Dataset records:
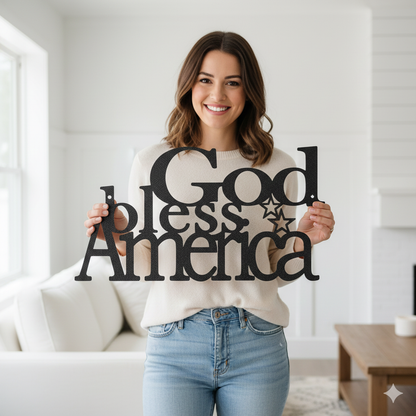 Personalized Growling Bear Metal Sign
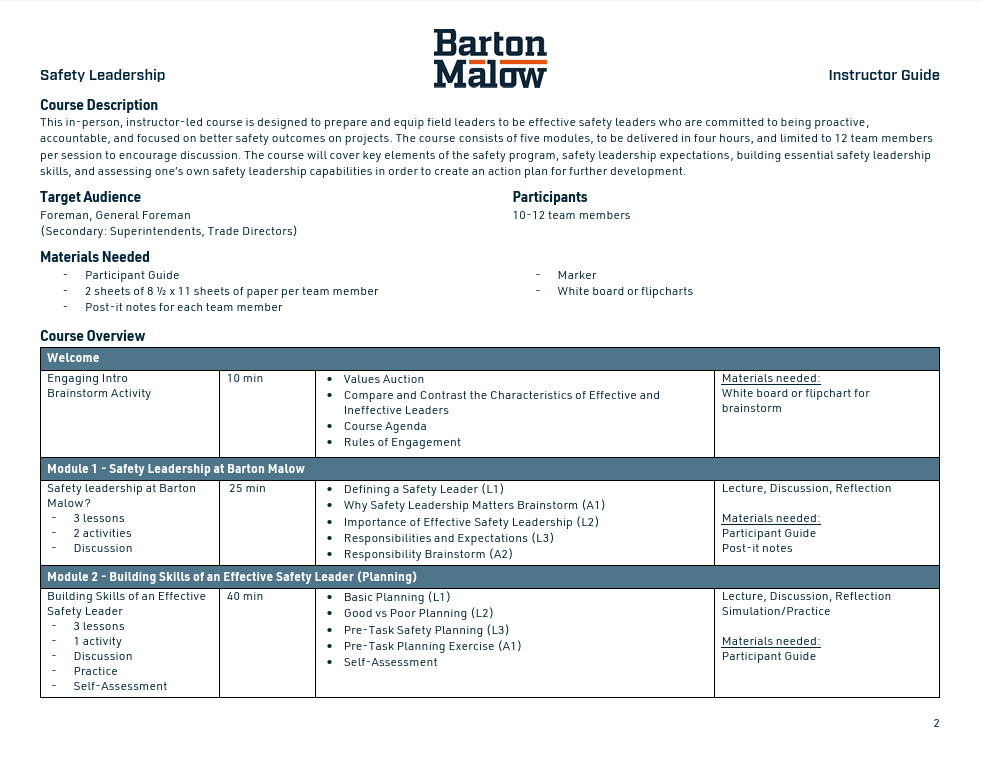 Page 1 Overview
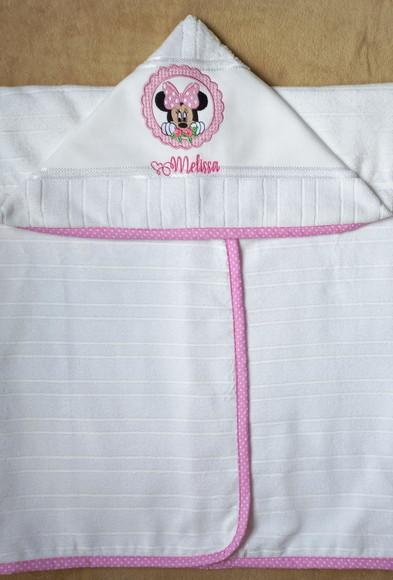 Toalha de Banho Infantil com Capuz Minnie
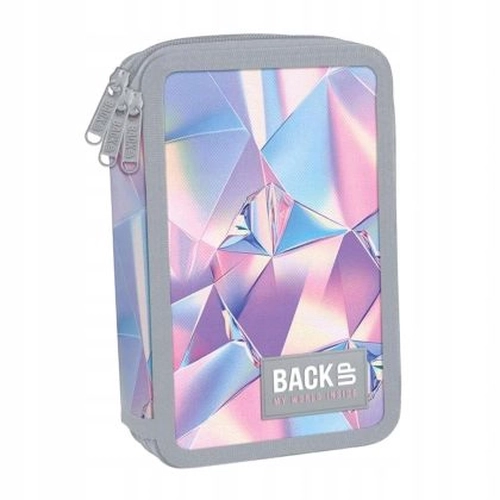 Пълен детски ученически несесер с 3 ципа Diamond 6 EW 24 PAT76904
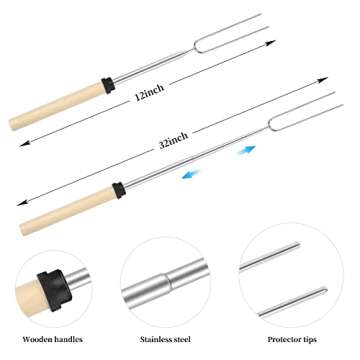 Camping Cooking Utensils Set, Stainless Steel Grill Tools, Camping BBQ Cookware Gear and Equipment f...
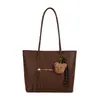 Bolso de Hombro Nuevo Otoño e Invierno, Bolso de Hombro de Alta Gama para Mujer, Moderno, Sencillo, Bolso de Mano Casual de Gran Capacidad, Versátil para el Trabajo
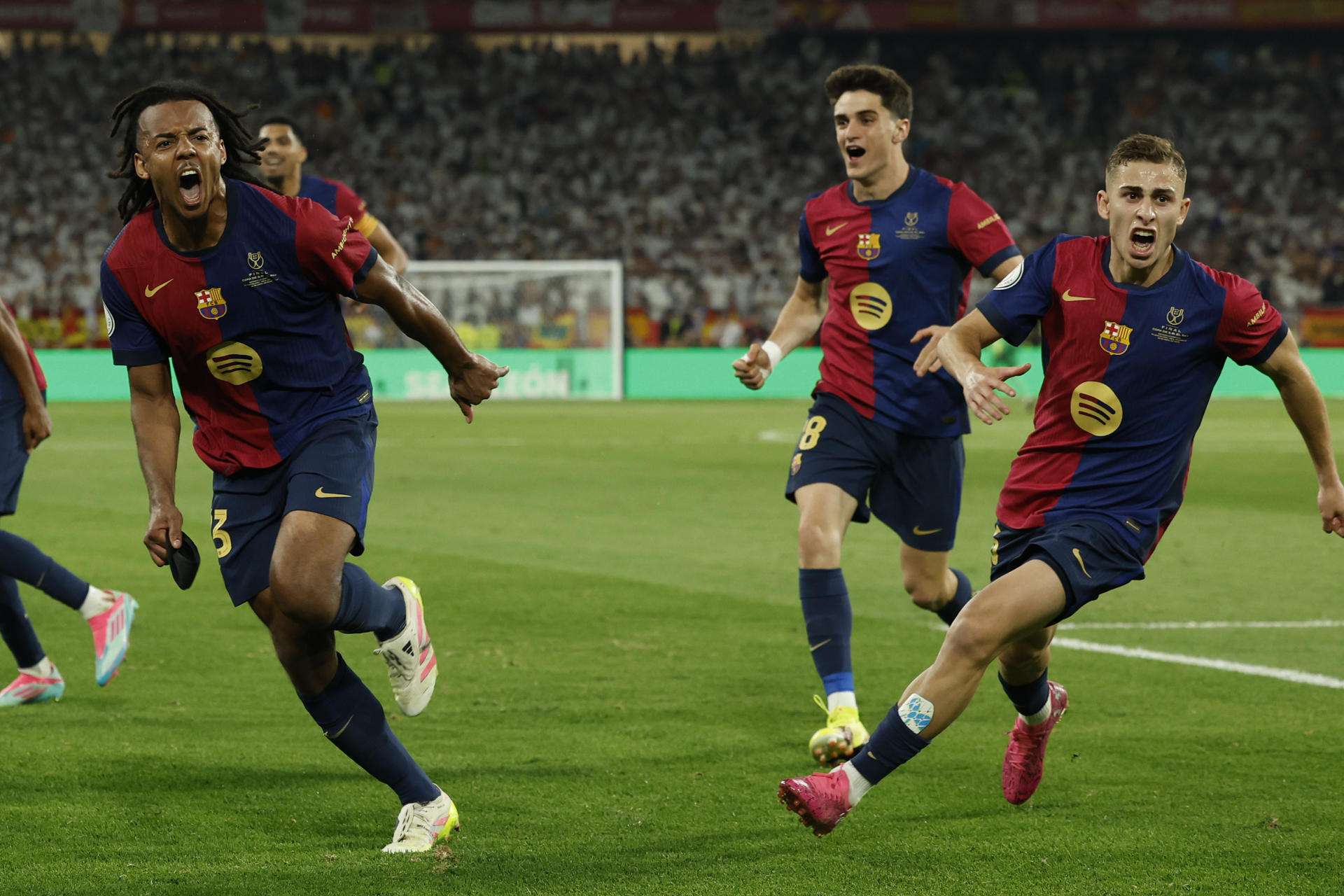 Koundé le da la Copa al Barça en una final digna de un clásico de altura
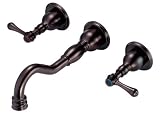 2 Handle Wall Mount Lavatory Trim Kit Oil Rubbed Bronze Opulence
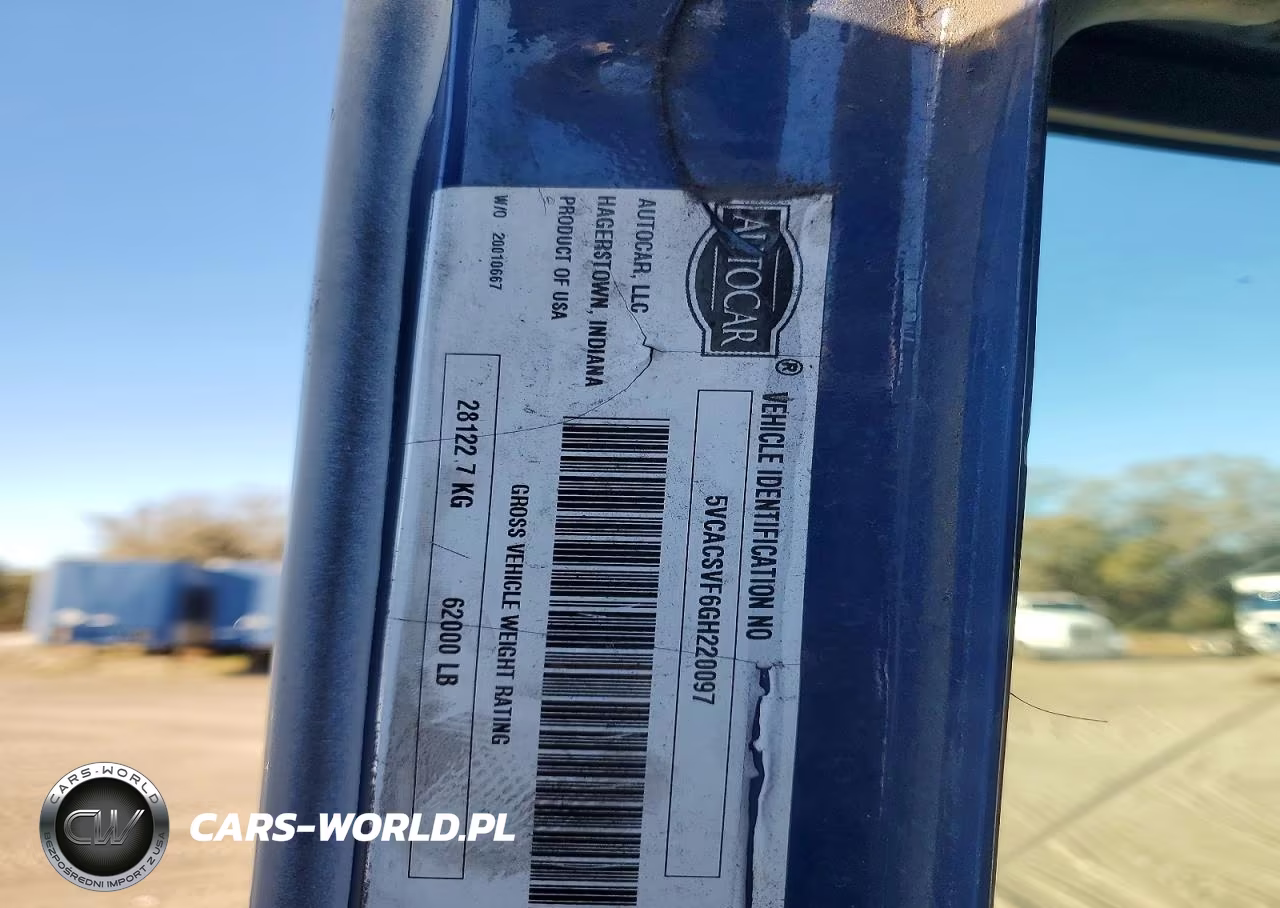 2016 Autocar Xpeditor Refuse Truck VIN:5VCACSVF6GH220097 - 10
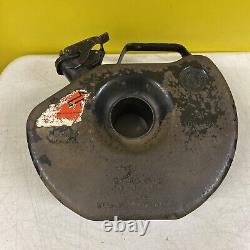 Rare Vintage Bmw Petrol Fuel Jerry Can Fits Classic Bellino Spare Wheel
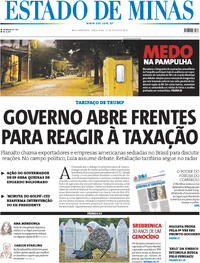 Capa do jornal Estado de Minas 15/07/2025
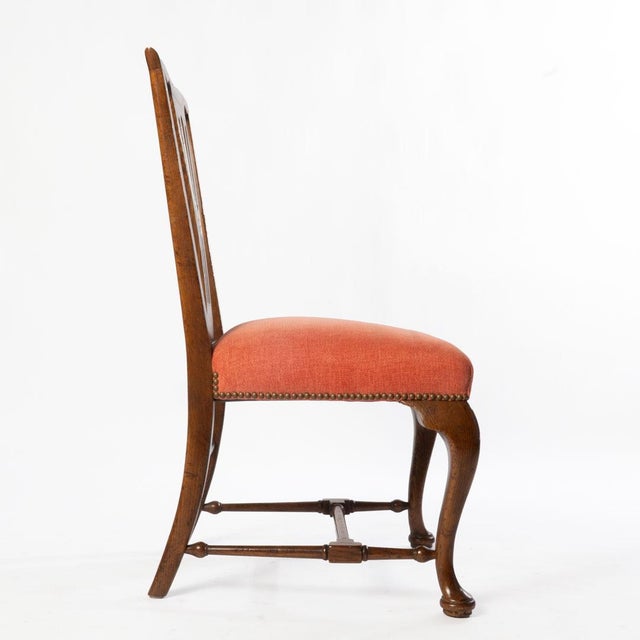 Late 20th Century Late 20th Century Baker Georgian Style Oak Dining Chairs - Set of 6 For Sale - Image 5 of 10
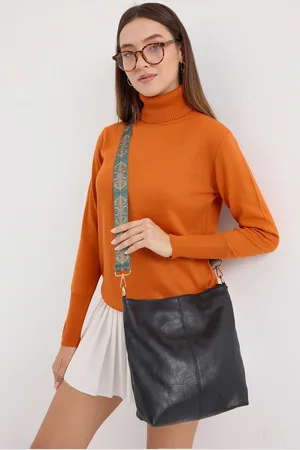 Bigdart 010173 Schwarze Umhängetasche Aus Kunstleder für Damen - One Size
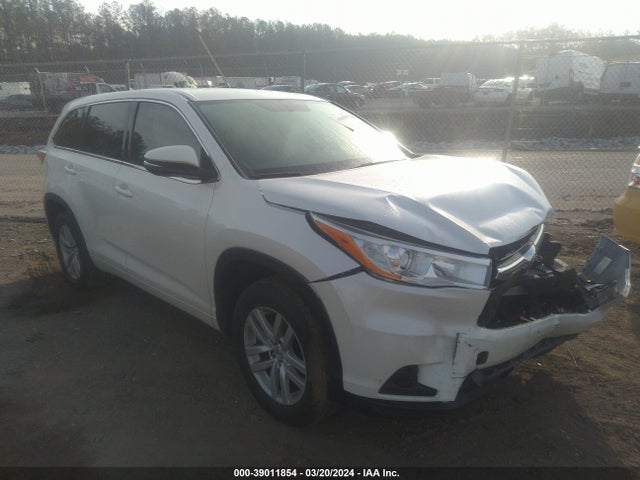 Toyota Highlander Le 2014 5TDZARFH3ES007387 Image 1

Work order: An exact transcription of the material is required, without any pictures.

The completed task:
 Personalized Growling Bear Metal Sign
 Page 1 Overview
 Toalha de Banho Infantil com Capuz Minnie
 Пълен детски ученически несесер с 3 ципа Diamond 6 EW 24 PAT76904
 Camping Cooking Utensils Set, Stainless Steel Grill Tools, Camping BBQ Cookware Gear and Equipment f...
 Bolso de Hombro Nuevo Otoño e Invierno, Bolso de Hombro de Alta Gama para Mujer, Moderno, Sencillo, Bolso de Mano Casual de Gran Capacidad, Versátil para el Trabajo
 Koundé le da la Copa al Barça en una final digna de un clásico de altura
 2 Handle Wall Mount Lavatory Trim Kit Oil Rubbed Bronze Opulence
 2016 Autocar Xpeditor Refuse Truck VIN:5VCACSVF6GH220097 - 10
 Rare Vintage Bmw Petrol Fuel Jerry Can Fits Classic Bellino Spare Wheel
 Capa do jornal Estado de Minas 15/07/2025
 Late 20th Century Late 20th Century Baker Georgian Style Oak Dining Chairs - Set of 6 For Sale - Image 5 of 10
 Bigdart 010173 Schwarze Umhängetasche Aus Kunstleder für Damen - One Size
 Toyota Highlander Le 2014 5TDZARFH3ES007387 Image 1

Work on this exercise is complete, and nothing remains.